Analogi lain yang mirip dengan Cerita 2 bila kita mempunyai sebotol air minum dan hendak memberinya pada kedua orang teman kita yang baru saja datang menghampiri kita. Yang satu terlihat ngos-ngosan karena habis berlari sementara yang lain terlihat santai setelah berjalan. Bukankah lebih baik kita memberi porsi air minum yang lebih banyak pada teman kita yang terlihat ngos-ngosan dan haus? Tentulah kita tetap akan memberikann porsi minum tersebut kepada teman kita yang lain yang juga haus tetapi mungkin kebutuhan hausnya tidak sebesar teman kita yang lain. Atau tentang sepotong kue yang akan kita bagi lebih banyak kepada teman kita yang berperawakan lebih besar dan suka makan kue daripada yang berperawakan kecil dan apabila kue itu dibagi sama rata, si teman yang berperawakan kecil malah tidak dapat menghabisi kue tersebut pada akhirnya.

Dari cerita tersebut saya dapat sedikit pencerahan kalau yang dikatakan adil itu tidak selalu harus "membagi sama rata" seperti konsep matematika yang selalu exact. Banyak orang sering bilang "Apakah hidup itu adil?"  Lalu mereka pun mempertanyakan apakah Tuhan itu telah adil pada mereka.

Saya sempat teringat tentang teman saya yang sempat frustasi dan mempertanyakan keadilan pada Tuhan setelah dia berkali-kali gagal menembus ujian masuk Perguruan Tinggi Negri untuk jurusan yang dia inginkan. Hingga akhirnya dia kuliah di Perguruan Tinggi Swasta dengan jurusan yang dia inginkan tersebut. Mungkin memang benar dan saya bisa merasakan bila berada di posisi dia. Hati rasanya bagaikan hancur, hopeless dan super depresi. Tapi toh dia tetap bisa kuliah bukan, walaupun di Perguruan Tinggi Swasta yang memang tidak 'segengsi' kuliah di PTN hanya memang membutuhkan biaya yang lebih. Tapi itu justru yang membuat saya malah berfikir Allah Maha Adil. Itu bisa saja tidak adil menurut dia karena dia merasa sudah berjuang sekuat tenaga untuk bisa tembus PTN. Tapi dia datang dari keluarga yang sangat mapan. Orangtuanya dapat membiayainya kuliah di mana saja, swasta atau negri. Orang tua saya yang cukup mapan saja masih agak sangsi untuk menyekolahkan saya di PTS dengan jurusan tersebut. Sebagai pelecut saya, ayah saya bilang mending saya coba jurusan lain kalo ga tembus PTN untuk jurusan tersebut.

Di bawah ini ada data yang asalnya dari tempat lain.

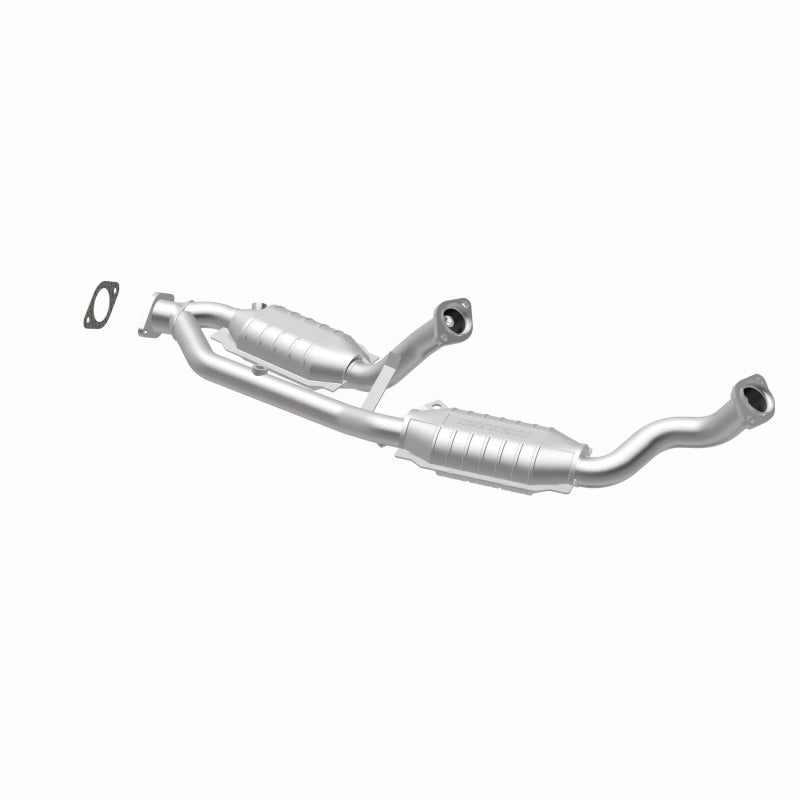 MagnaFlow Direct Fit Catalytic Converter 99-02 Windstar 3.8L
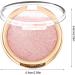 Face Highlighter | Long Lasting Shimmer Highlight Contouring Palette Rave Stage Makeup Powder for Women Shape Your Face 6 Colors 02 - Buy Online on GoSupps.com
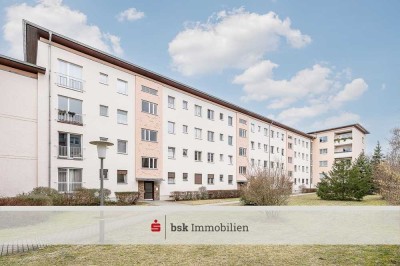 Charmante 2-Zimmerwohnung nahe des Volksparkes Blankenfelde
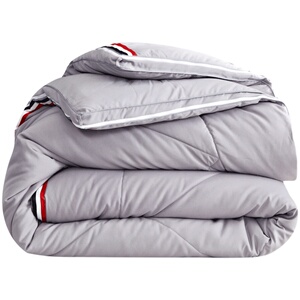 恒源祥子母被二合一拉链款加厚被芯四季通用春秋被褥棉被子冬被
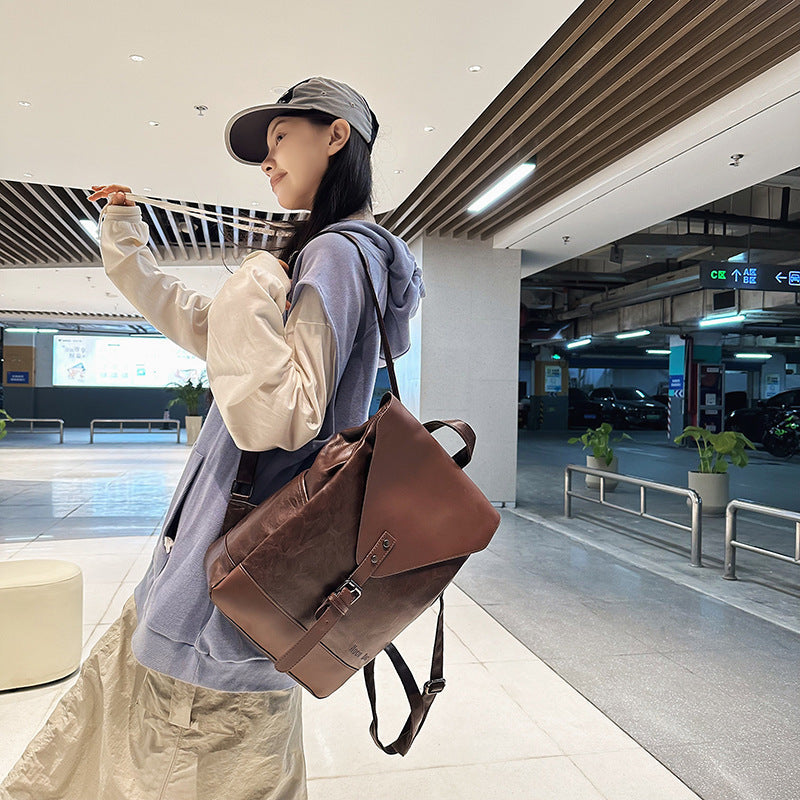 Sac à dos de voyage extérieur de grande capacité premium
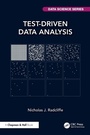 Cover: Test-Driven Data Analysis - Chapman & Hall/CRC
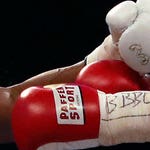 Image for the Sport programme "Live Boxing"
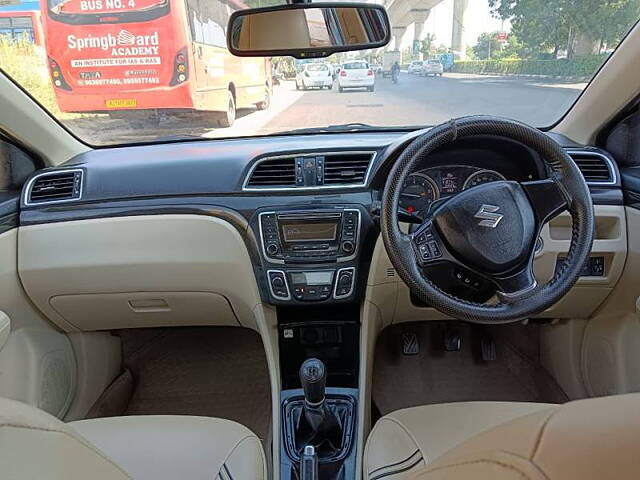 Used Maruti Suzuki Ciaz [2014-2017] ZDi [2014-2015] in Jaipur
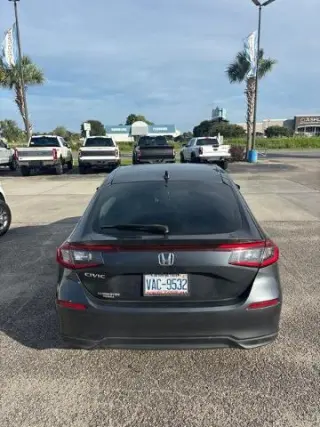 Honda Civic 2023 LX 4dr Hatchback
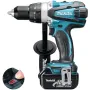 Шуруповерт-дриль Makita (DDF458RFJ)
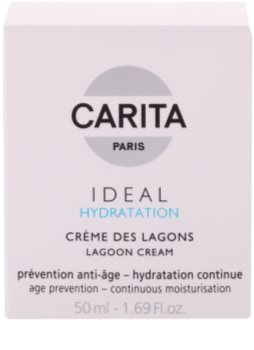 Carita Ideal Hydratation Feuchtigkeitscreme mit Antifalten-Effekt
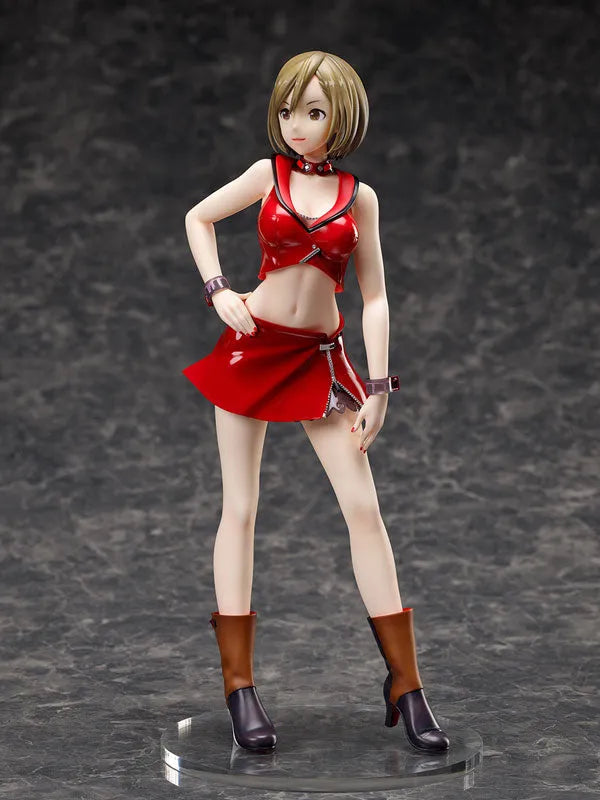 Piapro Characters MEIKO 1/7ㅤ – FuRyu – ActionFigure Brasil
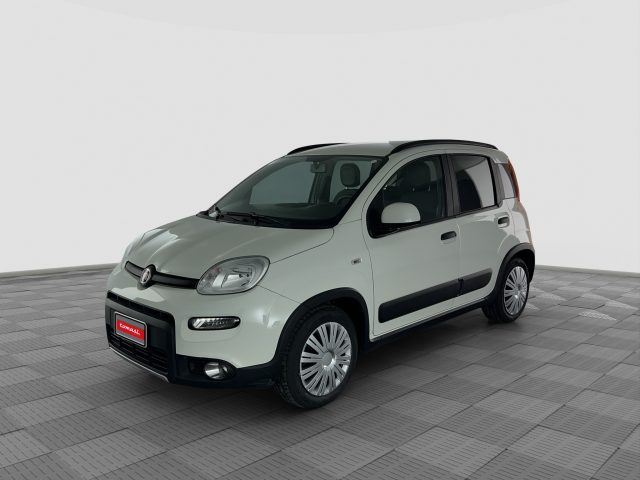 fiat panda panda 1.0 firefly hybrid city life usata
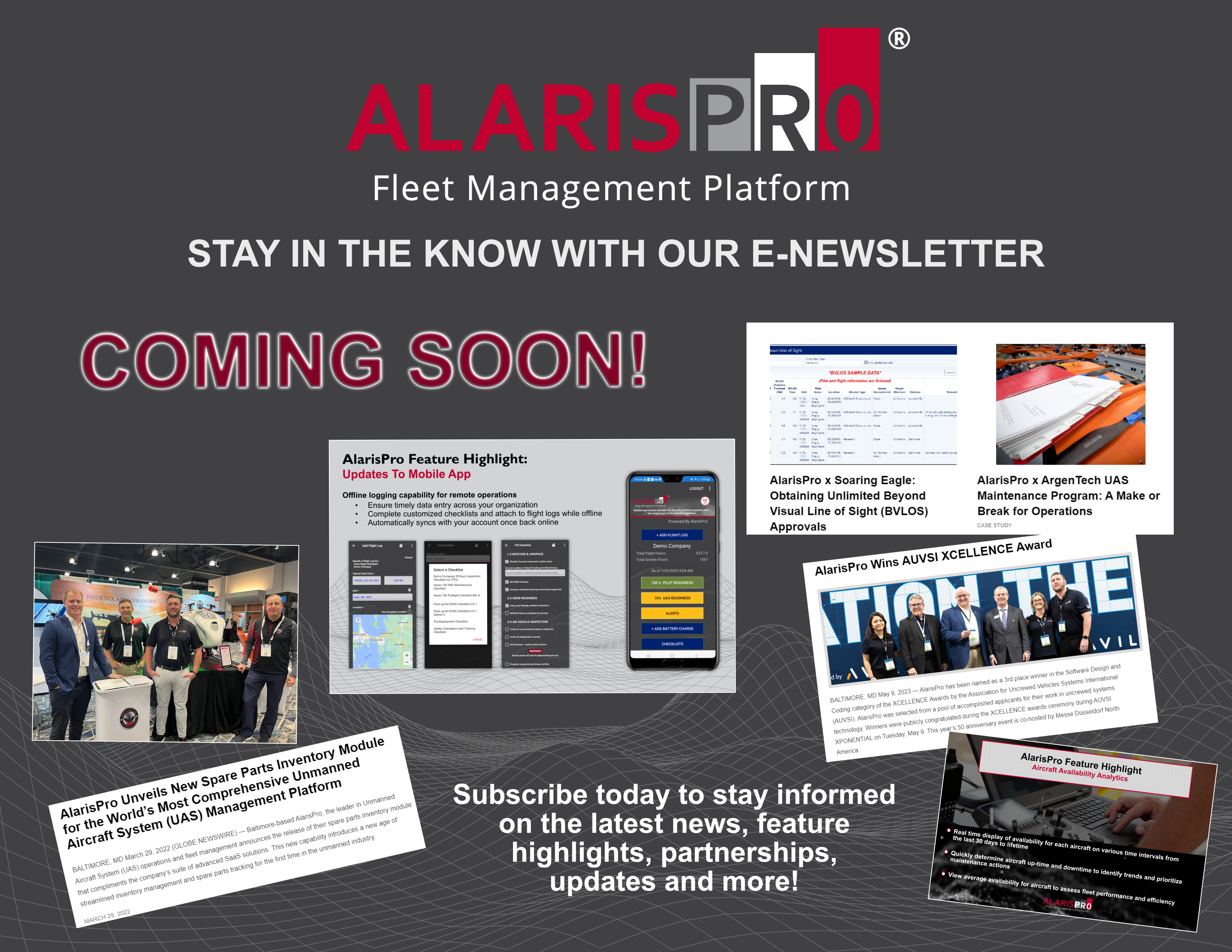 Newsletter Teaser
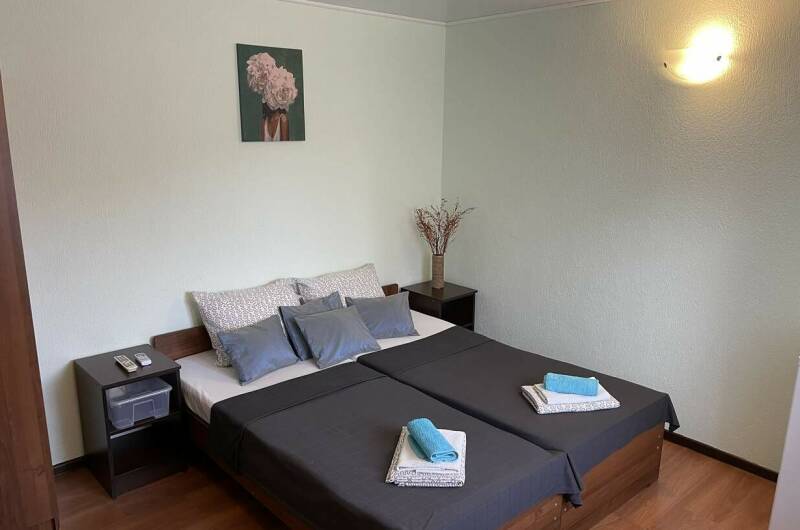 № 6 Трехместная комната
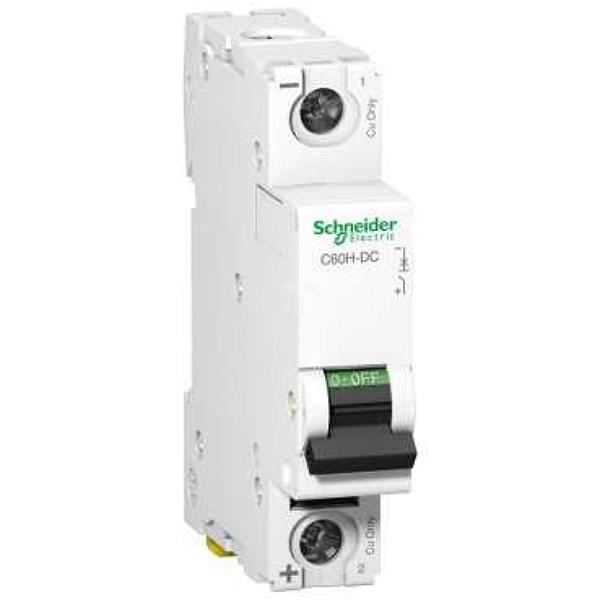 Wyłącznik nadprądowy 1P C 4A 10kA DC C60H-DC MGN61504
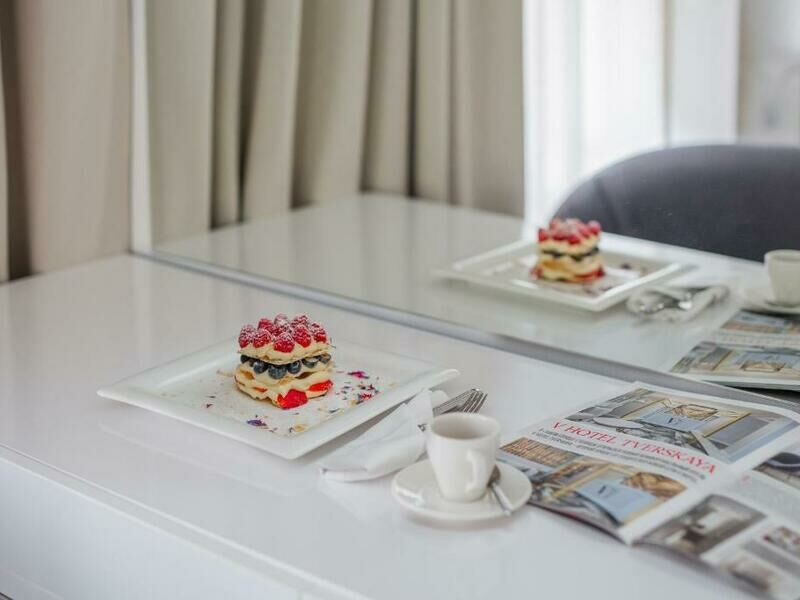 Стандарт 2-местный TWIN с панорамным окном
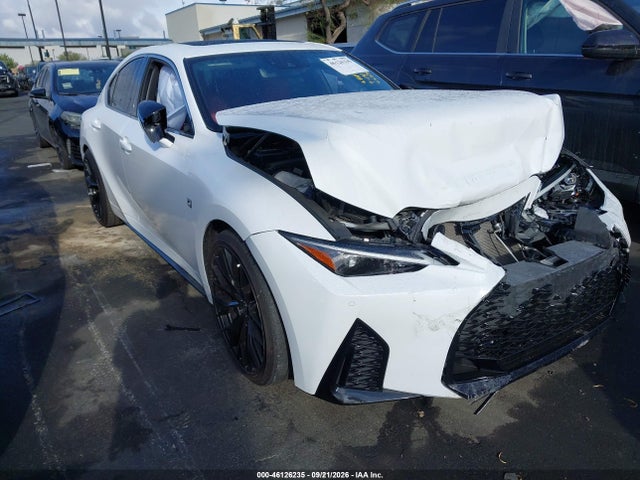 Aukcja sprzedaży 2023 Lexus Is 350 F Sport, vin: JTHGZ1B2XP5060937, numer aukcji: 46126235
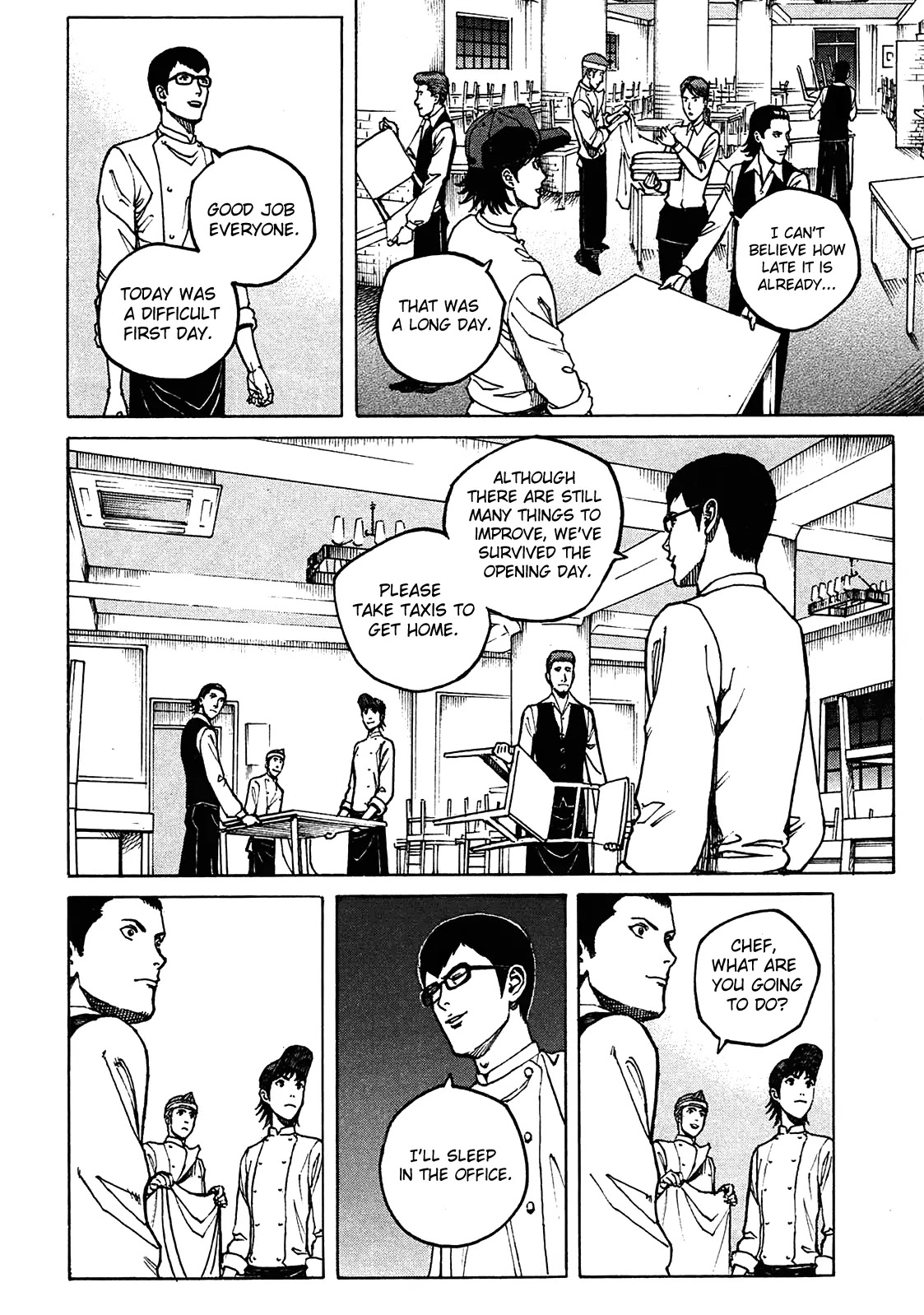 Bambino! Secondo chapter 5 page 2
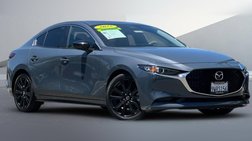 2025 Mazda MAZDA3 2.5 S Carbon Edition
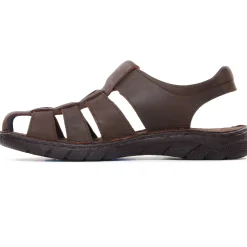 Sandales Fluchos F1754 Marron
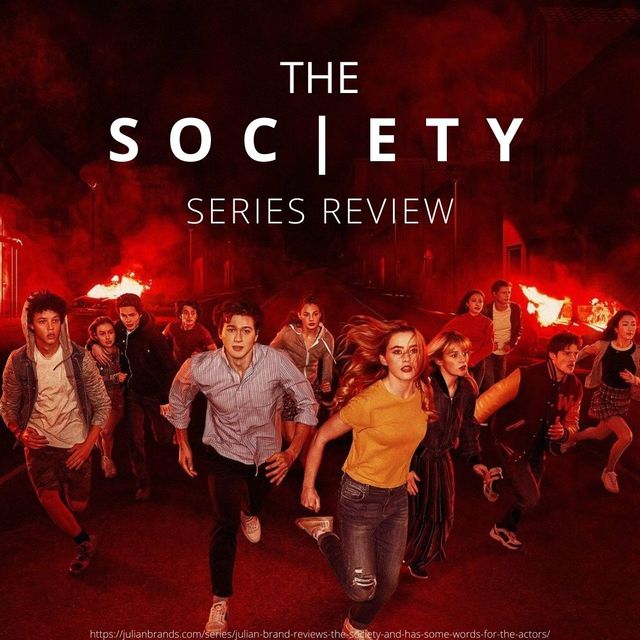 julian brand actor review the society netflix julian brand actor and movie reviews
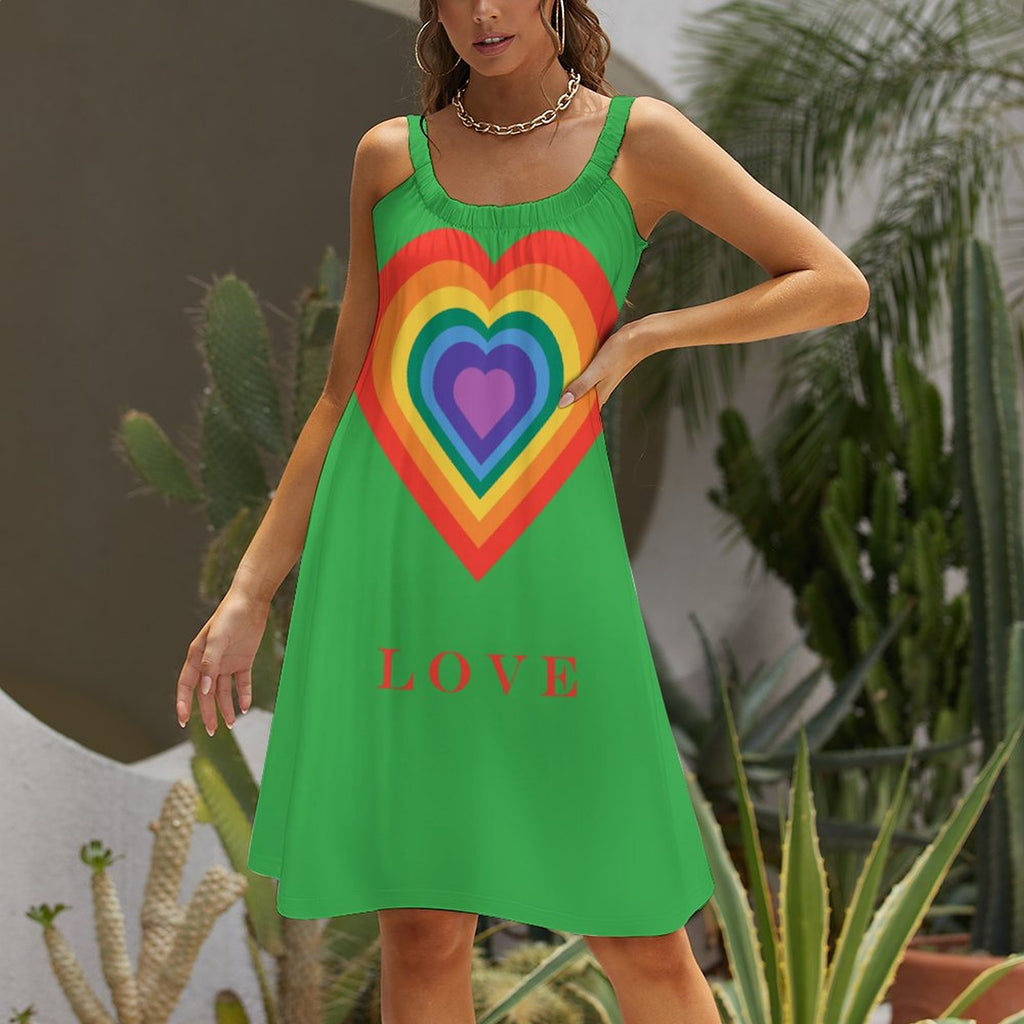 Sleeveless Dress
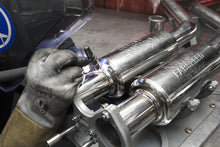 Load image into Gallery viewer, Fabspeed Motorsport Fabspeed BMW M3 E46 Cat Bypass Pipes 2000-2006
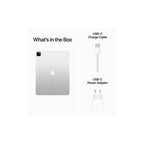 Apple iPad Pro 12.9" - M2 - Wi-Fi - 512GB Standardglas Silver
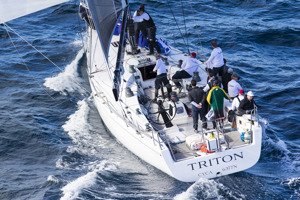 SAILING - Land Rover Sydney to Gold Coast 2016
30/07/2015
ph. Andrea Francolini
TRITON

Mau tidak mau memang saya sendiri sadar kalau itu tidak mudah. 

Setelah melancong setahun dan mengikuti program pertukaran pelajar tersebut, saya sadar banyak sekali tentang dunia yang saya 'buta'. Hidup saya dan lingkungan saya dulu sebatas teman-teman saya yang berkecukupan dan sekolah saya yang lengkap fasilitasnya. 

Saya belum pernah tinggal sendiri di keluarga orang yang sama sekali belum saya kenal sebelumnya atau sekolah di sekolah negri dan menjadi minoritas. 

Dari kecil saya selalu sekolah di sekolah swasta yang murid-murid sekelasnya tidak lebih dari 20 atau 30 orang dan seangkatanya paling hanya mencapai 100 orang. Saya hanya dua bersaudara, saya perempuan dan adik saya laki-laki. Tidak terbayang kalau perhatian yang ditujukan buat saya selalu maksimal dan saya pun berusaha untuk memaksimalkan potensi diri saya untuk berkembang. 

Tapi pengalaman setahun saya kemarin seperti benar-benar membuka mata saya tentang hidup ini. Saya sempat merasa dulu kalau hanya saya yang kelihatannya memikirkan dan berjuang untuk masa depan karena masa-masa sulit di keluarga saya. Juga karena saya anak yang penurut dan memang seseorang yang berpegang teguh pada moral dan keyakinan yang saya yakini. Sementara saya merasa teman-teman saya dari kalangan yang berkecukupan memikirkan masa depan dengan mudah, terbiasa hidup enak dan mudah.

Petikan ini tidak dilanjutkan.